DIALEKSIS.COM | Aceh Tengah - Perum Bulog Kantor Cabang Takengon memastikan ketersediaan stok beras di wilayah Aceh Tengah dan Bener Meriah dalam kondisi aman menjelang bulan Ramadan, sekaligus untuk mendukung penanganan pascabencana banjir dan longsor.
Kepala Perum Bulog Kantor Cabang Takengon, Eru Purnomo, mengatakan saat ini stok beras yang tersedia di gudang mencapai sekitar 270 ton. Jumlah tersebut dipastikan akan terus bertambah hingga 1.000 ton dalam waktu dekat guna memenuhi kebutuhan masyarakat di dua kabupaten tersebut.
“Stok beras akan dipasok secara bertahap dari Bulog Cabang Lhokseumawe dan Sigli,” kata Eru Purnomo kepada Dialeksis, Minggu (25/1/2026).
Menurut Eru, Bulog berkomitmen menjaga ketersediaan pangan agar tetap aman, meskipun wilayah Aceh Tengah sempat dilanda bencana banjir dan longsor. Upaya tersebut dilakukan untuk menghindari kekhawatiran masyarakat terhadap potensi kelangkaan beras, terutama menjelang Ramadan.
“Masyarakat tidak perlu khawatir. Stok beras Bulog Insyaallah akan terus ditambah,” ujarnya.
Selain memastikan ketersediaan stok, Bulog Takengon juga telah menyalurkan bantuan beras untuk penanganan bencana.
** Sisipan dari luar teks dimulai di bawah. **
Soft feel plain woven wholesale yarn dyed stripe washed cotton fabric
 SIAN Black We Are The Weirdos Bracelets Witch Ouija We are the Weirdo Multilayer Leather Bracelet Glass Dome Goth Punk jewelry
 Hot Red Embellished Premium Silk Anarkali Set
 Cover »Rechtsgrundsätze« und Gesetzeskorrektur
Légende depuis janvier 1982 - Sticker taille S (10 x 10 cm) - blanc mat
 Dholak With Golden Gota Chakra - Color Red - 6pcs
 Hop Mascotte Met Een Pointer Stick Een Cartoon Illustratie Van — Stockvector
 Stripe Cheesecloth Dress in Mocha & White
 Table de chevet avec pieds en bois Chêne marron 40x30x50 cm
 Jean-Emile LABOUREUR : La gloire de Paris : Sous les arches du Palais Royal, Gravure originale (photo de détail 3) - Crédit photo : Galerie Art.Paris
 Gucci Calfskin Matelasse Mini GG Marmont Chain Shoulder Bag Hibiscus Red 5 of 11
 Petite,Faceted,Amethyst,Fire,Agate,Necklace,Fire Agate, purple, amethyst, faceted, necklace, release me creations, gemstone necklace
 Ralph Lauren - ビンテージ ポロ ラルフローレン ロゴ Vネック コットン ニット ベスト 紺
Hingga saat ini, Bulog telah menyalurkan sebanyak 3,416 ton beras untuk masyarakat terdampak di Kabupaten Aceh Tengah dan Bener Meriah.
“Jumlah tersebut berasal dari pagu bantuan bencana yang ditetapkan Badan Pangan Nasional (Bapanas) sebesar 3,618 ton,” jelas Eru.
Ia menambahkan, sisa pagu bantuan beras akan segera disalurkan kepada masyarakat Aceh Tengah sesuai dengan masa tanggap darurat yang ditetapkan Pemerintah Kabupaten Aceh Tengah hingga 29 Januari 2026.
“Sekarang akses darat sudah semakin normal. Penyaluran akan terus ditingkatkan hingga kebutuhan masyarakat benar-benar tercukupi, terlebih menjelang Ramadan tahun ini. Jadi masyarakat tidak perlu panik, Bulog memastikan stok beras tetap aman,” pungkasnya.